Work instructions
The answer is to be the lines below that lie between the line holding "BMW 3 Series" and the line holding "Silentnight memory foam", inclusive, transcribed exactly and free of pictures.

** Input records follows **

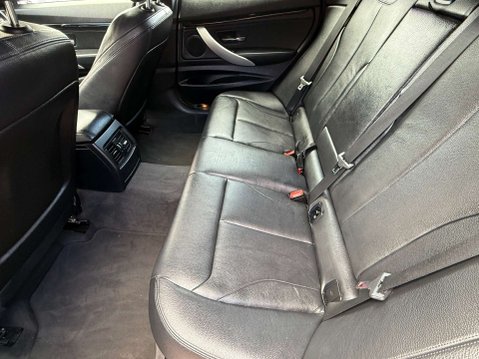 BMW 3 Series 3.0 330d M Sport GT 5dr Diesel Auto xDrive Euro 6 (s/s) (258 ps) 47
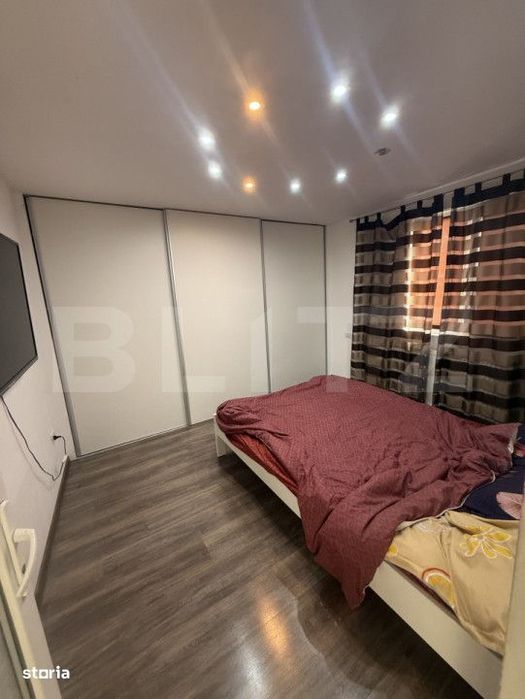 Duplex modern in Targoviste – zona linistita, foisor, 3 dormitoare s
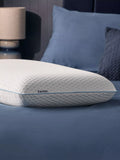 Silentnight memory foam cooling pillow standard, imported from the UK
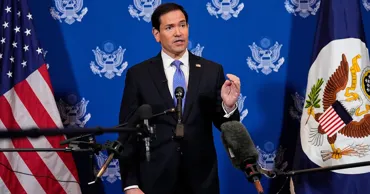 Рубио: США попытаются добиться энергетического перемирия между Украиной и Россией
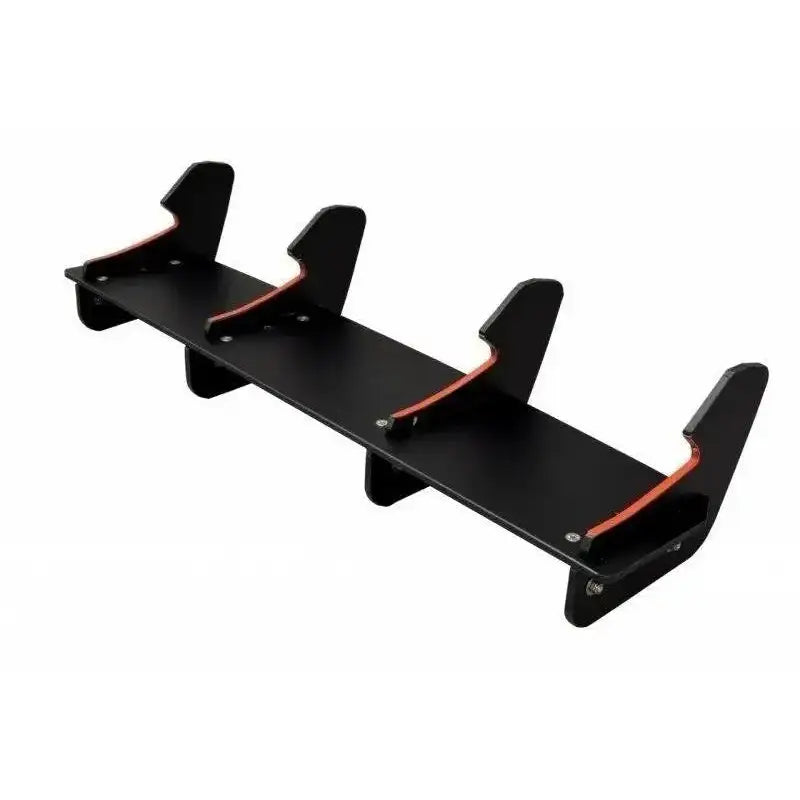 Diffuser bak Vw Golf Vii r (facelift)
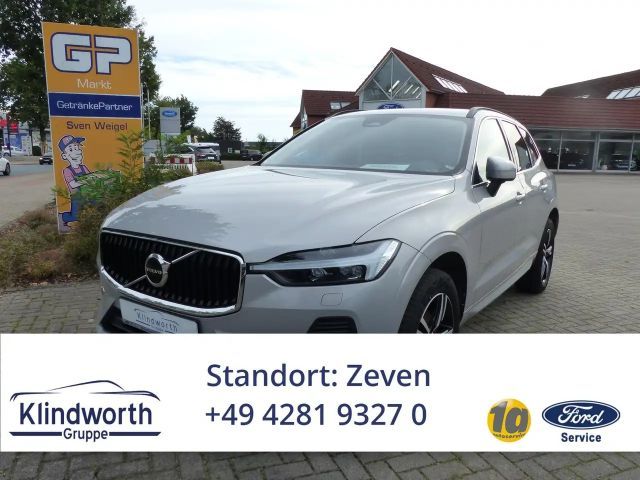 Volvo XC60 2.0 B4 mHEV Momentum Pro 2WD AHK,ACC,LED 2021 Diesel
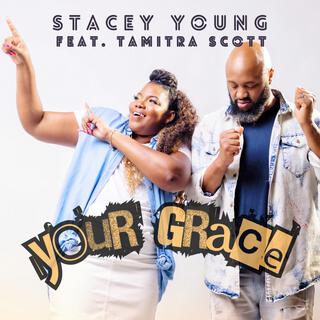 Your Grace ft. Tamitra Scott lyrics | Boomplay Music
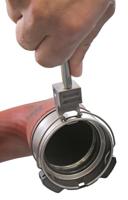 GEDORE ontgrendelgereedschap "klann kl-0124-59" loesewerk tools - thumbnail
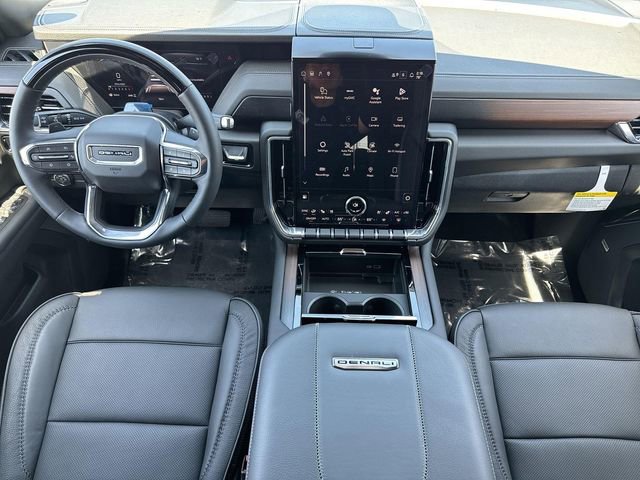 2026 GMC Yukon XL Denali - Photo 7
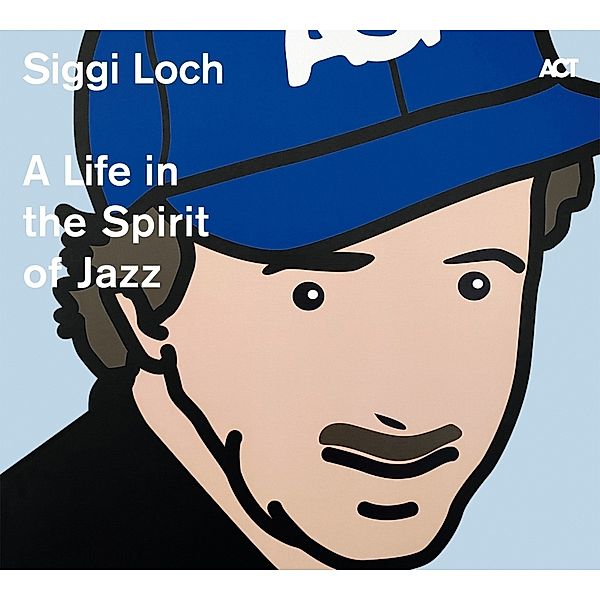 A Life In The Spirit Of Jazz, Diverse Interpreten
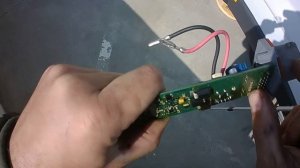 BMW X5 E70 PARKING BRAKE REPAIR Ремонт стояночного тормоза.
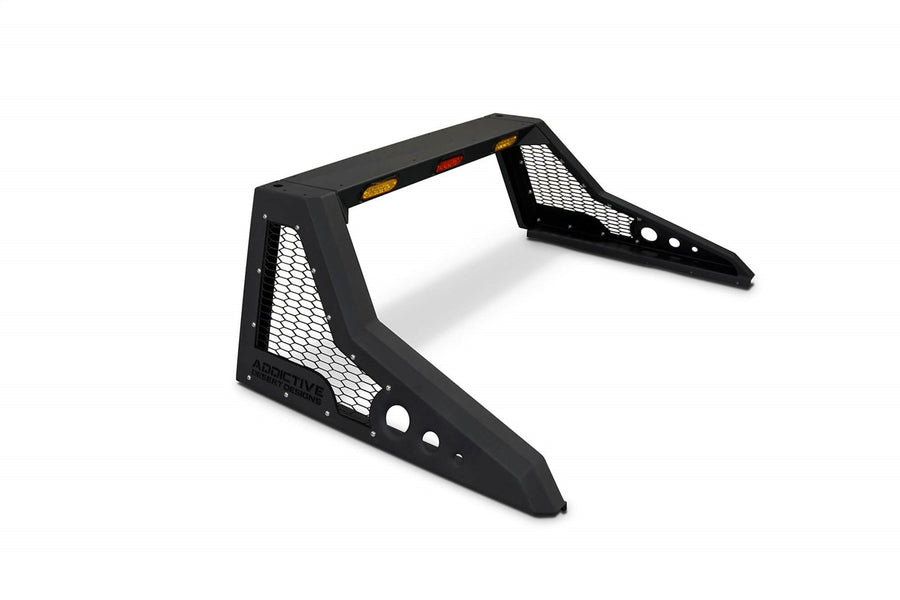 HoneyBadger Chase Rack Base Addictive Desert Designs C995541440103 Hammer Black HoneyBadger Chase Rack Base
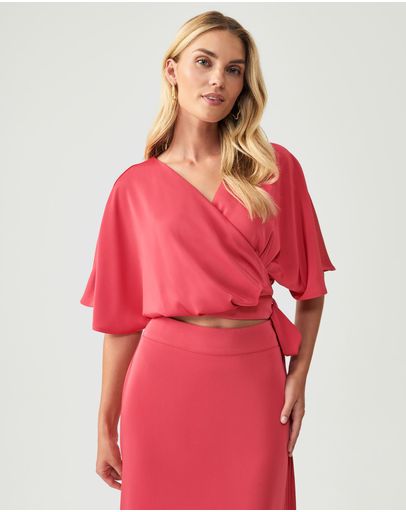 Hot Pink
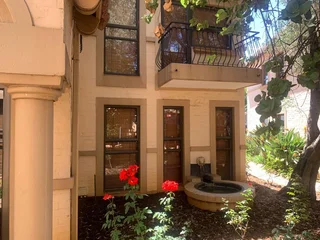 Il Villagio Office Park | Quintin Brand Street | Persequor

** End of Input records **
** Input records follows **

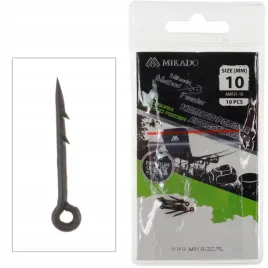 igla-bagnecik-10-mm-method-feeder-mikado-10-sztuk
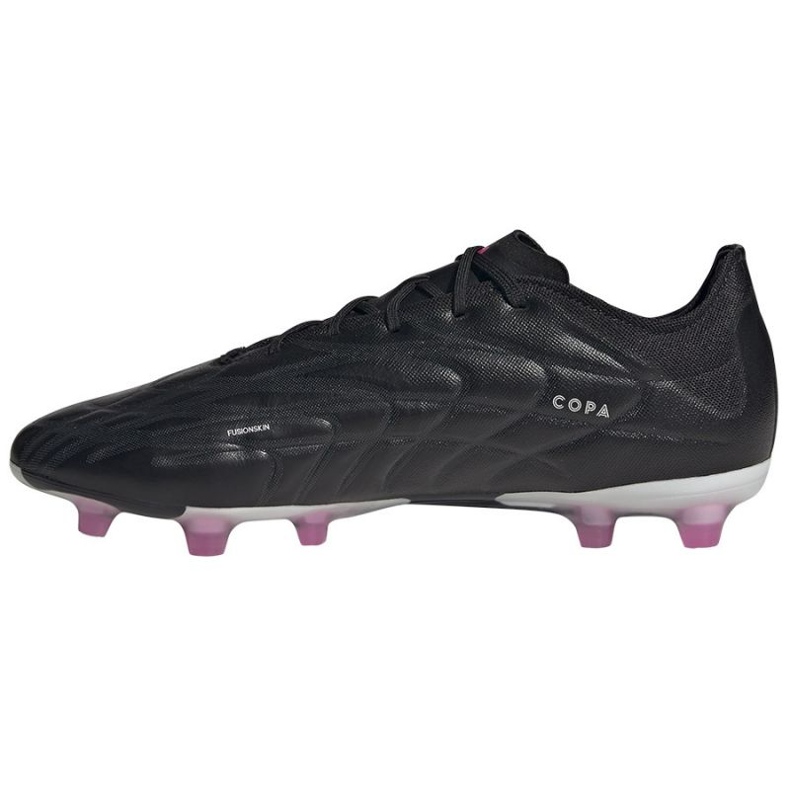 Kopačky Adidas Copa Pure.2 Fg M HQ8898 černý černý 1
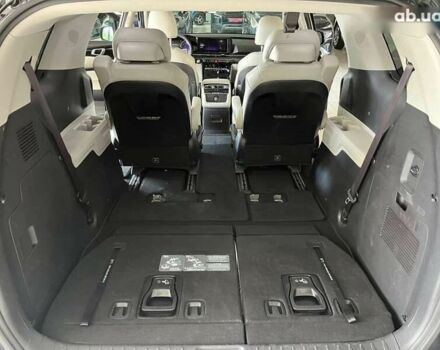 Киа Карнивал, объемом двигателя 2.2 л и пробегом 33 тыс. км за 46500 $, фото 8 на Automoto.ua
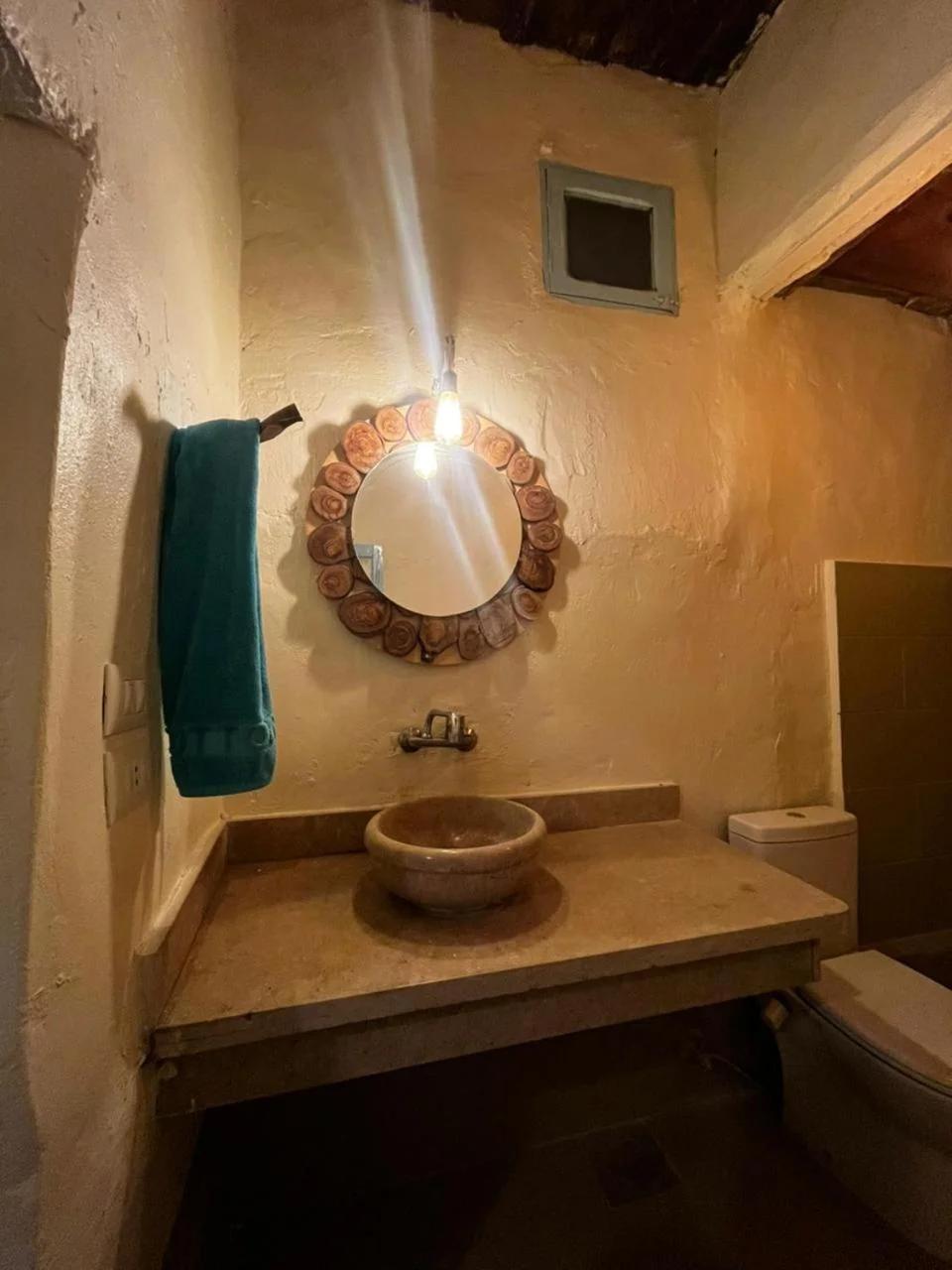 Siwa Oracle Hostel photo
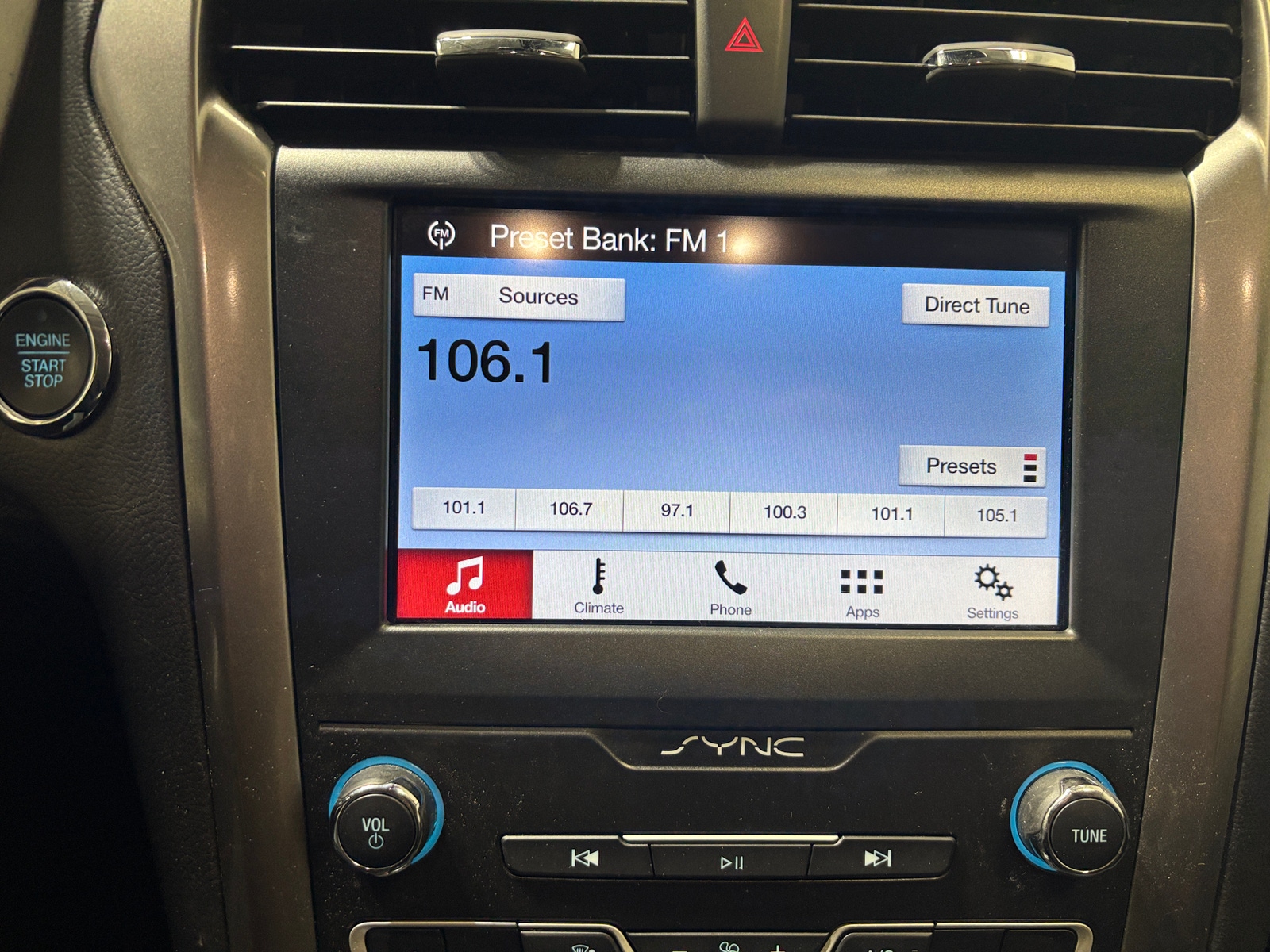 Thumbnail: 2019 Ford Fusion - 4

** End of Input records **

Task output
 BMW 3 Series 3.0 330d M Sport GT 5dr Diesel Auto xDrive Euro 6 (s/s) (258 ps) 47
 Duplex modern in Targoviste – zona linistita, foisor, 3 dormitoare s
 Silentnight memory foam cooling pillow standard, imported from the UK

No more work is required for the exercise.